### TASK DESCRIPTION
When you reach the line holding "Scenic view of" in the material below, return that line and each one after it, word for word, with the pictures dropped.
=== SOURCE MATERIAL ===
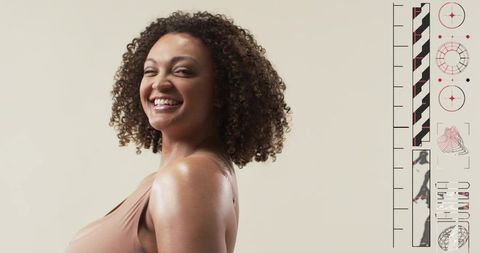 Confident smiling woman with curly hair posing three-quarter on minimalist beige backdrop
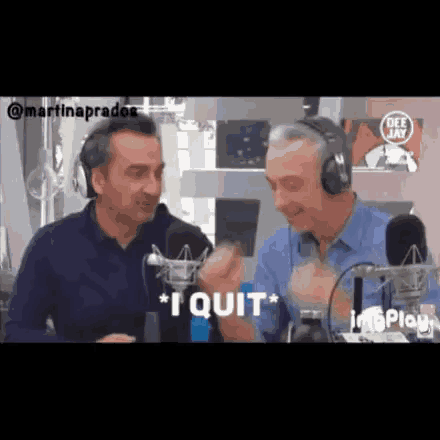two men wearing headphones are sitting in front of microphones in a radio station .
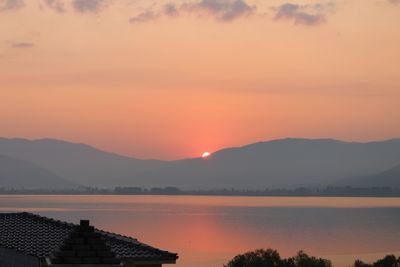 Scenic view of lake against romantic sky at sunset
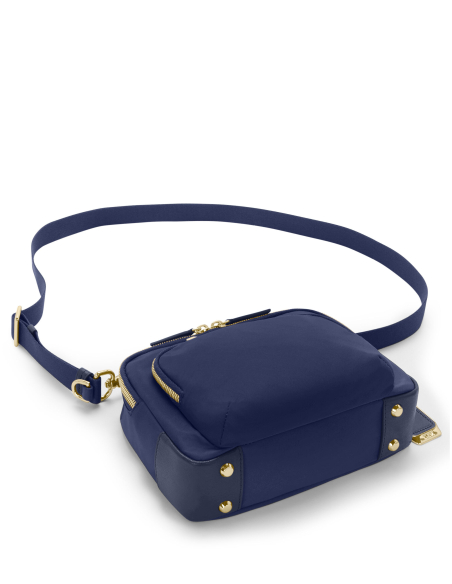 Sac bandoulière Teghan nylon TUMI Indigo/Light Gold, base avec pieds métalliques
===
### TASK SOLUTION
 Scenic view of lake against romantic sky at sunset
 Sac bandoulière Teghan nylon TUMI Indigo/Light Gold, base avec pieds métalliques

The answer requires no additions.